More photos of the farewell
Oleg Yankovsky died at the age of 65 on Wednesday, May 20, in the wee hours of the morning. On Friday it seemed that half of Moscow’s residents left their homes and workplaces to come to the Lenkom Theater, where Yankovsky had worked since 1973, to say farewell.

Yankovsky was one of the finest, most beloved actors in Russia in the last half-century. In film and on stage he created more memorable roles than perhaps any of his peers. But it wasn’t quantity that made Yankovsky a star — it was quality. The two films he made with Andrei Tarkovsky — “The Mirror” and “Nostalgia” — would alone have made him a historic figure. And yet those films only scratch the surface of his extraordinary work.

Yankovsky was an intellectual, an aristocrat and a simple man all in one. It made him one of the great cultural icons of the Soviet Union in the 1970s and 1980s. He was loved, admired, adored. Through it all Yankovsky invariably maintained a noble distance from stardom, from the press and from his public, although he was anything but a recluse. He was active in public affairs and did not shirk the limelight. But he never sought it out, and he clearly believed that silence is every bit as eloquent as an interview full of words.  

On Friday, Muscovites came in the thousands to pay their last respects to the actor who has been part of their lives for over 40 years. People lined up for blocks and waited hours on Malaya Dmitrovka Ulitsa to view Yankovsky’s body as it lay in state on the stage of the Lenkom Theater. The street was shut down from Pushkin Square halfway to the Garden Ring. Outside the theater crowds swelled as the time approached when the actor’s casket would be carried out of the theater and placed in the hearse that would convey it to Novodevichy cemetery for burial.

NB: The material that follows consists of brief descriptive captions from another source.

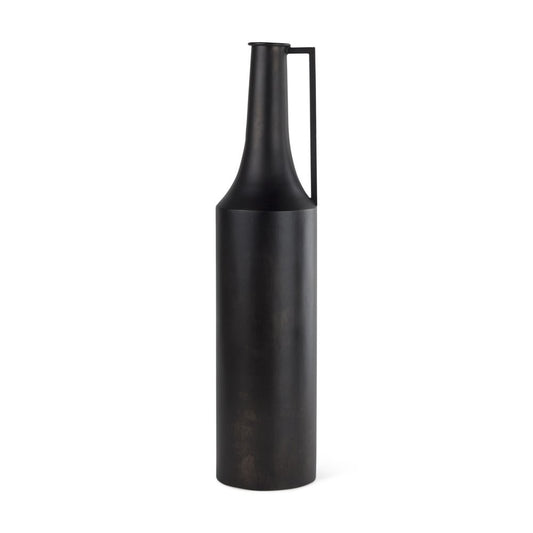 24" Black Metal Jug Vase
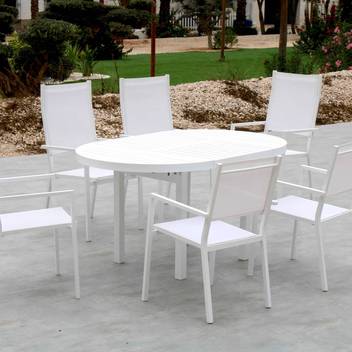 Mesa extensible ◯150 de aluminio [Yerevan] de Hevea - Mesa circular extensible de aluminio para jardín, con tablero de lamas de aluminio. Disponible en color blanco o antracita.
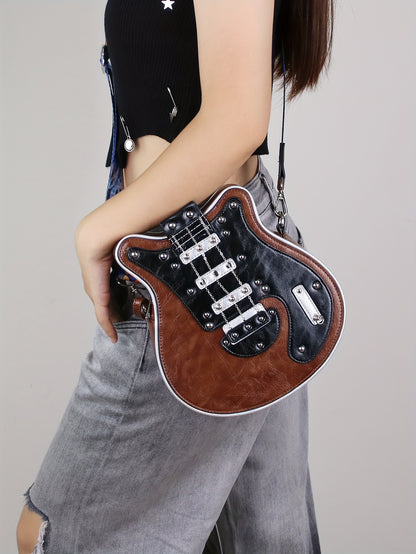 Women's & Unisex Y2K Retro Music-Themed Bass Guitar-Shaped Crossbody Bag with Detachable Strap, Golden-Tone Hardware & Zipper Closure - Band Style Handbag for Musicians & Music Lovers (Red/Black) - 2024 New Design with Chain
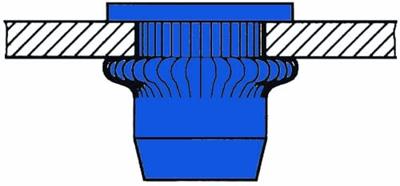 Gesipa Blindklinkmoer | klinknagelschacht d x l 6 x 11 mm M4 | staal standaard (vlakronde kop) | 500 stuks - 1433703 1433703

I was struck by the faces of those who came to stand and wait. They were both young and old. There were just as many men as there were women. The sounds we heard as we stood across from the theater were the shuffling of thousands of feet and the slamming of car doors as automobiles whisked government officials and movie stars up to the stage door entrance. I rarely heard anyone speak, even in a whisper.

More than anything, the atmosphere outside the theater struck me as a moment of collective solitude. The actor’s fans had come together in enormous numbers, but they were lost in their own private thoughts. Their expressions were somber; their faces shone with dignity.

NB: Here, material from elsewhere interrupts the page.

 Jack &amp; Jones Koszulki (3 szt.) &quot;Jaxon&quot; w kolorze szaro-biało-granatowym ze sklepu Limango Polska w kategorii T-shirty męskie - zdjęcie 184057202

Everything was done strictly according to custom, with even the weather playing its part: A downpour, a reminder of tears, hit less than half an hour before Yankovsky’s body was to be borne to the hearse. Those who had umbrellas quickly raised them; some squeezed under nearby awnings. Those who lacked either option stood out the rain stoically, as though it had no power to affect them.

The doors of the theater finally opened shortly before 3:30 p.m., and, soon after, the procession of dignitaries led by an actor carrying Yankovsky’s portrait made its way toward the hearse. As is the custom at actors’ funerals, the entire crowd burst into applause, punctuating their cheers with lusty shouts of “bravo!”

This is a bracing, even amazing, ritual, one that is shot through with defiance and a touch of anger — a bit of a fist aimed at heaven. It is also an act that is enveloped in sorrow and resignation. This standing ovation is one no one will ever respond to — no bows; no curtain calls; no smiles. This is applause the crowd offers up out of generosity, love and gratitude, knowing it will receive nothing in return.

On Friday, the ovation for Oleg Yankovsky lasted over 10 minutes. It died down only after the hearse was well on its way to the cemetery.